BEGIN MATERIALS PROVIDED

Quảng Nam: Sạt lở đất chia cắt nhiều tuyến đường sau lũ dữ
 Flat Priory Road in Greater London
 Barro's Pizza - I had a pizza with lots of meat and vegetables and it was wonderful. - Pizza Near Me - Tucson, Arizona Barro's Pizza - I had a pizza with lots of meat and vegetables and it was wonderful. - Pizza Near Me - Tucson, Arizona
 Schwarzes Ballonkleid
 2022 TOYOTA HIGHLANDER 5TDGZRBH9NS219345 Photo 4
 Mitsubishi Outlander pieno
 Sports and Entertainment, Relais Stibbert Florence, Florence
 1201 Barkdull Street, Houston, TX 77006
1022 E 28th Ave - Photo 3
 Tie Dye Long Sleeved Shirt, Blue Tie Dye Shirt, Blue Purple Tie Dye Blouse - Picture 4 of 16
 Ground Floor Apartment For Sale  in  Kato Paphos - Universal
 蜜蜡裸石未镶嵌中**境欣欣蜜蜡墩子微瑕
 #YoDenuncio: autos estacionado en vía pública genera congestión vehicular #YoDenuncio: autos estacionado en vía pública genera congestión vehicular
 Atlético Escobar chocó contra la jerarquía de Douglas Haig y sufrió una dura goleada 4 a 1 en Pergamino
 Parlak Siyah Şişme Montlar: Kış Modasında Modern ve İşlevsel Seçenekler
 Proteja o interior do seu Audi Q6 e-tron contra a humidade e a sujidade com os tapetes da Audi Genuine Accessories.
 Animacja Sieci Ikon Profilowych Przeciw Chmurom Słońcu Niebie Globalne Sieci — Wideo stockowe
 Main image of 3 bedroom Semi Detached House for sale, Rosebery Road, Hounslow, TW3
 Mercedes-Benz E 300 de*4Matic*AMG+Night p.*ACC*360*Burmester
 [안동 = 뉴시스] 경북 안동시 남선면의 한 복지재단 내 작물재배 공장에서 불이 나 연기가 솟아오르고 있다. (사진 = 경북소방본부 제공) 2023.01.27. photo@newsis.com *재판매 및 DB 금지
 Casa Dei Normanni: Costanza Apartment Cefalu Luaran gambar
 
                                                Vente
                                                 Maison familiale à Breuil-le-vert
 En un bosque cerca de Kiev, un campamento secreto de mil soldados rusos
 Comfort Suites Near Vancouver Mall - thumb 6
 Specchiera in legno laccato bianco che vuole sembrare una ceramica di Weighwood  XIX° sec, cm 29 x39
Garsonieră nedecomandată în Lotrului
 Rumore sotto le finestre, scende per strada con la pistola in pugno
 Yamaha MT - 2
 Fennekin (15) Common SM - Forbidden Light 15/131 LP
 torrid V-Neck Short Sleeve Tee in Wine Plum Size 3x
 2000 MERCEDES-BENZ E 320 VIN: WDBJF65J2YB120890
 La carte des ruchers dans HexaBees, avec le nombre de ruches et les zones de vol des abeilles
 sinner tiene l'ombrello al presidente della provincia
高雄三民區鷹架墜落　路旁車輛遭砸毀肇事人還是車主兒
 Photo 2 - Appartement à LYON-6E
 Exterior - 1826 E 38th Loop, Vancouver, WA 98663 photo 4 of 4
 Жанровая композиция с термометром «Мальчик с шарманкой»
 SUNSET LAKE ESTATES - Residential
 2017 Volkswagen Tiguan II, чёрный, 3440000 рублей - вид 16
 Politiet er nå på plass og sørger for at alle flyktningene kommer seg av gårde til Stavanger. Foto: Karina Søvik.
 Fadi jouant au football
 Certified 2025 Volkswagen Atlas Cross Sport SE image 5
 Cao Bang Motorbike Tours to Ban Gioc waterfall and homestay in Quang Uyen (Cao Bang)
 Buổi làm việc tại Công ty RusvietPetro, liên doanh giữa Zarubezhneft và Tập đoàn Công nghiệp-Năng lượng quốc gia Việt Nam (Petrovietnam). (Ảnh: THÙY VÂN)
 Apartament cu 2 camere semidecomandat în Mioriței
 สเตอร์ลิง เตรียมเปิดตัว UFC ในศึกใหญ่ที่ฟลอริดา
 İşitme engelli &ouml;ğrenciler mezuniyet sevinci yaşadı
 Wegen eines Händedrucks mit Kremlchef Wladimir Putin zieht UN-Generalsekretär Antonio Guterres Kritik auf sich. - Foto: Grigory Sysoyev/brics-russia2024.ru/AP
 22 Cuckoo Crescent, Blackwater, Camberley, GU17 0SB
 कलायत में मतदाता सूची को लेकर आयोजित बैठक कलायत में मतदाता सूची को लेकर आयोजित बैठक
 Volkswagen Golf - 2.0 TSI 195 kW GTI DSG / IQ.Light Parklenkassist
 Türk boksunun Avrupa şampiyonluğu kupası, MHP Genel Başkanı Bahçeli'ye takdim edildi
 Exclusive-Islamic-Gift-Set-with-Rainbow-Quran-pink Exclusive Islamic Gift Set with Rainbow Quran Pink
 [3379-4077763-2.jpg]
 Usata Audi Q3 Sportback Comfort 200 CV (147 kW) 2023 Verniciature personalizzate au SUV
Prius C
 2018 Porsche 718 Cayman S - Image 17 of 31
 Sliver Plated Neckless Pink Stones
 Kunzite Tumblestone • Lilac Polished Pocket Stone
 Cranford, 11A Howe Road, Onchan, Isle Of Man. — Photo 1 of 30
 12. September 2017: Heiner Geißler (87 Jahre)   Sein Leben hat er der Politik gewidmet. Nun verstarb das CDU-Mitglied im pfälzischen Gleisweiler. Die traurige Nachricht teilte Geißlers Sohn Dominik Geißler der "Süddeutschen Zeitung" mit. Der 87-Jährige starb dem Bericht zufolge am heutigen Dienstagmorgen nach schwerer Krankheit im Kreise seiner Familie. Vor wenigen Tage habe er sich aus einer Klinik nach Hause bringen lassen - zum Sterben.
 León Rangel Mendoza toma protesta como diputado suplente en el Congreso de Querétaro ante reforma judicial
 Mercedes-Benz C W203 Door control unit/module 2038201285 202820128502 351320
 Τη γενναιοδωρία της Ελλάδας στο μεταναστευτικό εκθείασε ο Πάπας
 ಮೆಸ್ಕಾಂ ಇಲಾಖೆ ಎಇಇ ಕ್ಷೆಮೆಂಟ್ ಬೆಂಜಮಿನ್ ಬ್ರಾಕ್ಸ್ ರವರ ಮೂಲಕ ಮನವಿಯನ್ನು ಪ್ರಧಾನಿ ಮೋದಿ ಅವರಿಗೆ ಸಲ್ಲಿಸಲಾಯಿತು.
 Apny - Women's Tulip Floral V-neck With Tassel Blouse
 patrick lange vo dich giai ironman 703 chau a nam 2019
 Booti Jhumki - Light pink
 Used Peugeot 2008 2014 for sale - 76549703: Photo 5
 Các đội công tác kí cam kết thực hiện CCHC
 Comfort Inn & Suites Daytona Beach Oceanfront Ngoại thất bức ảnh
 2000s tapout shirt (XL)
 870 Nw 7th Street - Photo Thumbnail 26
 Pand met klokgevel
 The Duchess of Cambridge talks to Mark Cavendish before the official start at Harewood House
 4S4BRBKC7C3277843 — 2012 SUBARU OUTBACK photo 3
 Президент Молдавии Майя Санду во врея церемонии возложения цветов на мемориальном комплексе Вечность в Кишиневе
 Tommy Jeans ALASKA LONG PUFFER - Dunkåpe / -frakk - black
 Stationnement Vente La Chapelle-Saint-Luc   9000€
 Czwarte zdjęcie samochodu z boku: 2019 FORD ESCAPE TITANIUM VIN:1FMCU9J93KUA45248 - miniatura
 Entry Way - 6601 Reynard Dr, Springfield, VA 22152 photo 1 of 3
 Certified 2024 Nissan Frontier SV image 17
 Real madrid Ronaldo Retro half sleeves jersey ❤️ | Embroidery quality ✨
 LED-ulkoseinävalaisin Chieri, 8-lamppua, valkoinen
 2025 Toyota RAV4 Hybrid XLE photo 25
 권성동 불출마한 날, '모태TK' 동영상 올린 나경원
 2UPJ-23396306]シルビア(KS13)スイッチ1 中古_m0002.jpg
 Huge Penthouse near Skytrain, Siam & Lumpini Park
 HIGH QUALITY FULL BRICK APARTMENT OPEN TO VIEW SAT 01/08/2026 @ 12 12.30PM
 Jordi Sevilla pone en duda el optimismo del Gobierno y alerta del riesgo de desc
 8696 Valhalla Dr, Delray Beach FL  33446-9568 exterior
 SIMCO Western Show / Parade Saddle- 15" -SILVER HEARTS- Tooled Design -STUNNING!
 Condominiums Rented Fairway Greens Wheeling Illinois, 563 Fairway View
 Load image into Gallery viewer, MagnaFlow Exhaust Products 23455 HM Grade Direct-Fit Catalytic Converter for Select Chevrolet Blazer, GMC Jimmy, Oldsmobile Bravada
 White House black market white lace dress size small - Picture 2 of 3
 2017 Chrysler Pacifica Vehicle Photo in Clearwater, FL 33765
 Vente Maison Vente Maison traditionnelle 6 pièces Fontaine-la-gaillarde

END MATERIALS PROVIDED

- INSTRUCTIONS TO FOLLOW:
Reproduce only the lines above spanning from the line containing "Sports and Entertainment, Relais" through the line containing "Mercedes-Benz E 300", word for word.

- WRITTEN ANSWER:
 Sports and Entertainment, Relais Stibbert Florence, Florence
 1201 Barkdull Street, Houston, TX 77006
1022 E 28th Ave - Photo 3
 Tie Dye Long Sleeved Shirt, Blue Tie Dye Shirt, Blue Purple Tie Dye Blouse - Picture 4 of 16
 Ground Floor Apartment For Sale  in  Kato Paphos - Universal
 蜜蜡裸石未镶嵌中**境欣欣蜜蜡墩子微瑕
 #YoDenuncio: autos estacionado en vía pública genera congestión vehicular #YoDenuncio: autos estacionado en vía pública genera congestión vehicular
 Atlético Escobar chocó contra la jerarquía de Douglas Haig y sufrió una dura goleada 4 a 1 en Pergamino
 Parlak Siyah Şişme Montlar: Kış Modasında Modern ve İşlevsel Seçenekler
 Proteja o interior do seu Audi Q6 e-tron contra a humidade e a sujidade com os tapetes da Audi Genuine Accessories.
 Animacja Sieci Ikon Profilowych Przeciw Chmurom Słońcu Niebie Globalne Sieci — Wideo stockowe
 Main image of 3 bedroom Semi Detached House for sale, Rosebery Road, Hounslow, TW3
 Mercedes-Benz E 300 de*4Matic*AMG+Night p.*ACC*360*Burmester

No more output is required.